By a vote of 6-3, the U.S. Supreme Court held that the Constitution requires unanimous jury verdicts for convictions in criminal cases. Writing for the Court in Ramos v. Louisiana, Justice Neil Gorsuch explained that " the Sixth Amendment right to a jury trial—as incorporated against the States by way of the Fourteenth Amendment—requires a
unanimous verdict to convict a defendant of a serious offense." (Whether jury unanimity is required in cases involving "petty offenses" was not before the Court, as noted in a footnote to the opinion.) This decision overturned the conviction of Evangelisto Ramos, who was convicted by nonunanimous jury in Louisiana.

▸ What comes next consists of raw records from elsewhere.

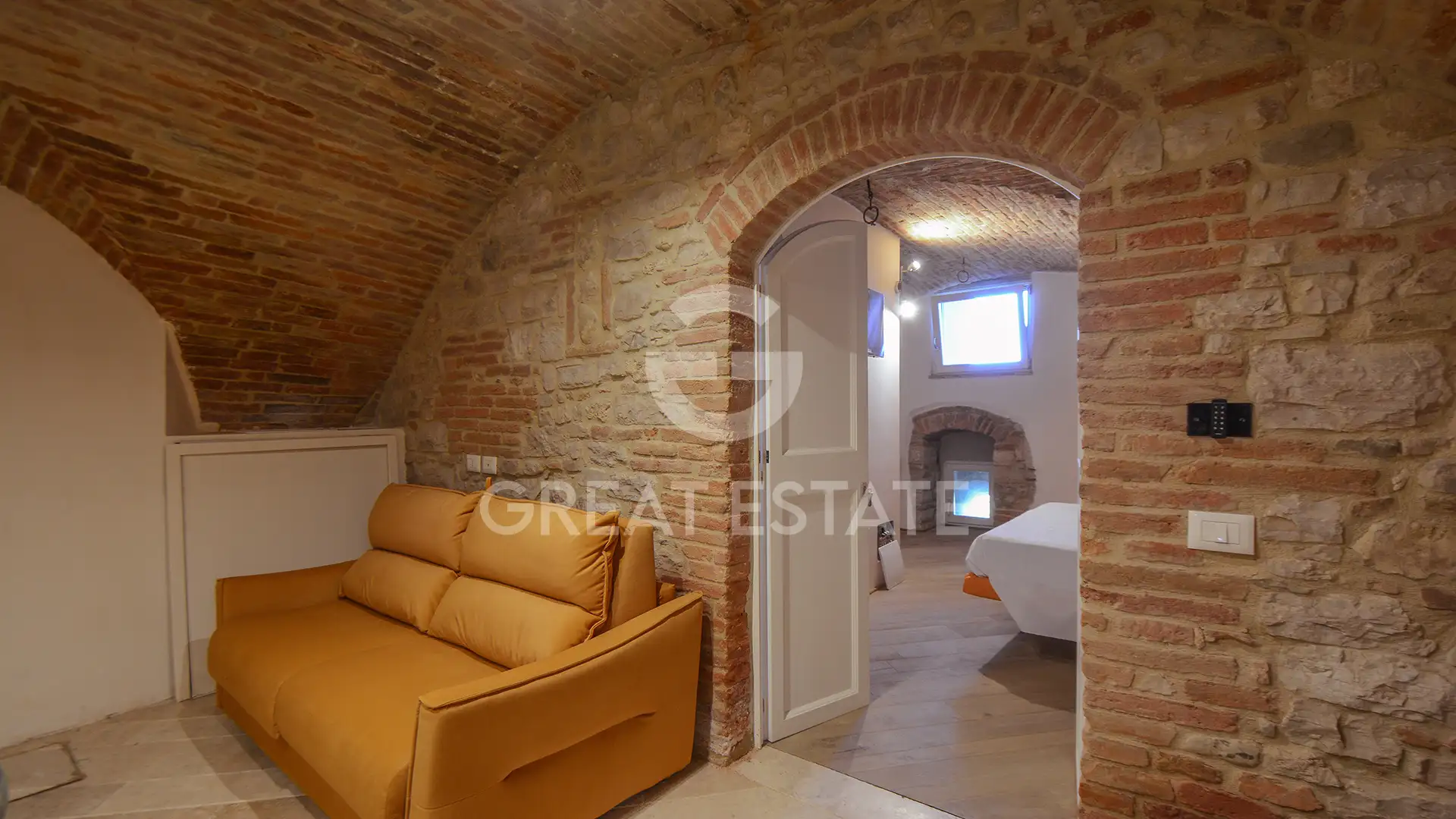 Flat 230m² in Italy, Perugia. Priced at 405000€ rent photo-8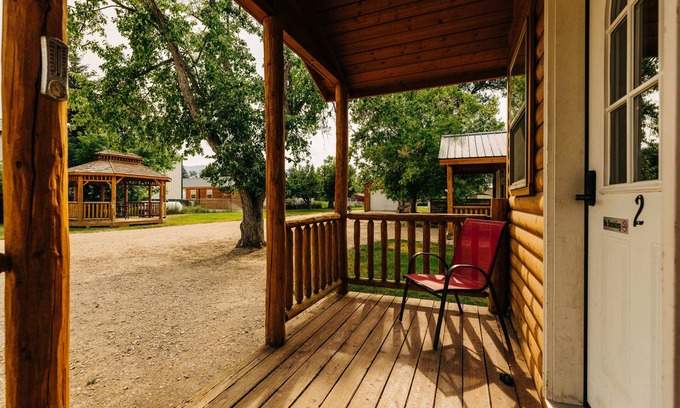 Dayton Cabin | Rustic Ridge Cabins, Charming Retreat (3 Options!)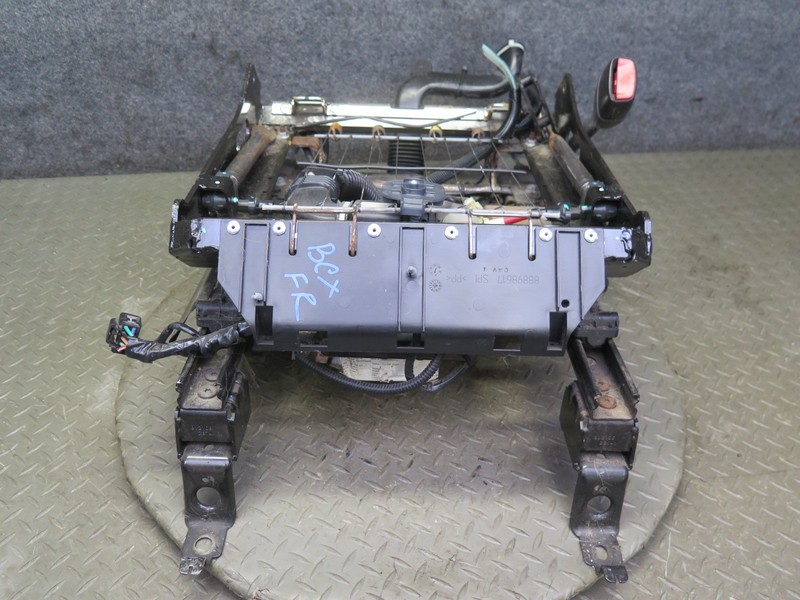 2004-2009 CADILLAC XLR FRONT RIGHT PASSENGER SIDE SEAT TRACK FRAME W/ MOTOR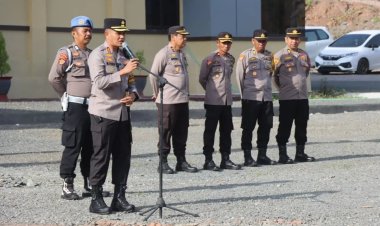 Polres Soppeng Gelar Apel Jam Pimpinan, Kapolres Ingatkan Personel Berlaku Baik
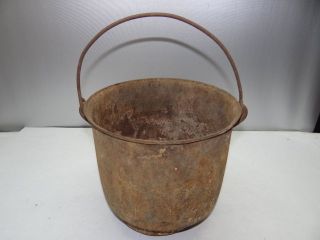 Forged Iron Rusted Kitchen Accessory Bucket Pot with Coal Catcher NR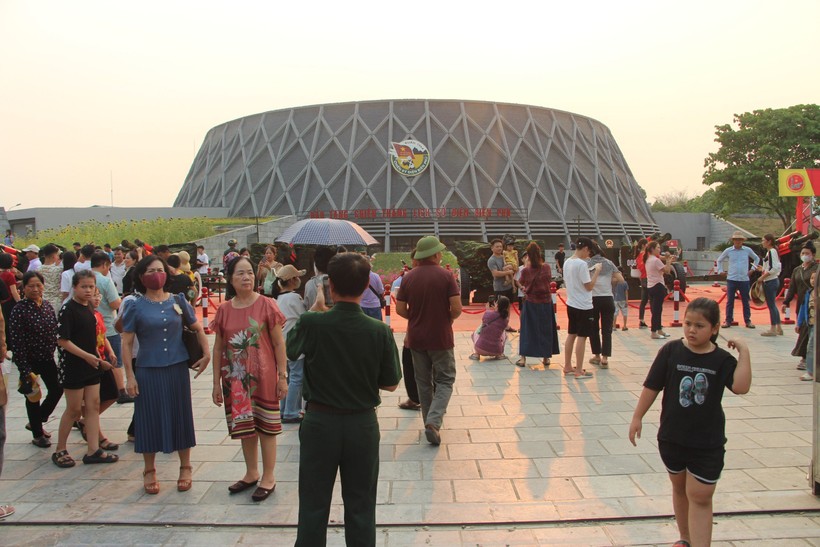 Bảo tàng Chiến thắng Điện Biên Phủ luôn đông du khách.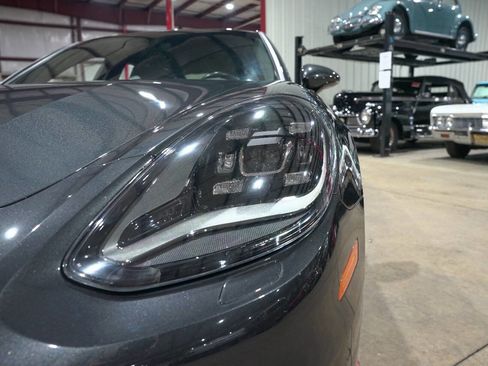 Used 2017 Porsche Panamera 4 image 31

Nonunanimous jury verdicts in criminal cases were also allowed in Oregon.
The division among the justices in Ramos is quite something:
GORSUCH, J., announced the judgment of the Court, and delivered the opinion of the Court with respect to Parts I, II–A, III, and IV–B–1, in which GINSBURG, BREYER, SOTOMAYOR, and KAVANAUGH, JJ., joined, an opinion with respect to Parts II–B, IV–B–2, and V, in which GINSBURG, BREYER, and SOTOMAYOR, JJ., joined, and an opinion with respect to Part IV–A, in which GINSBURG and BREYER, JJ., joined. SOTOMAYOR, J., filed an opinion concurring as to all but Part IV–A. KAVANAUGH, J., filed an opinion concurring in part. THOMAS, J., filed an opinion concurring in the judgment. ALITO, J., filed a dissenting opinion, in which ROBERTS, C. J., joined, and in which KAGAN, J., joined as to all but Part III–D.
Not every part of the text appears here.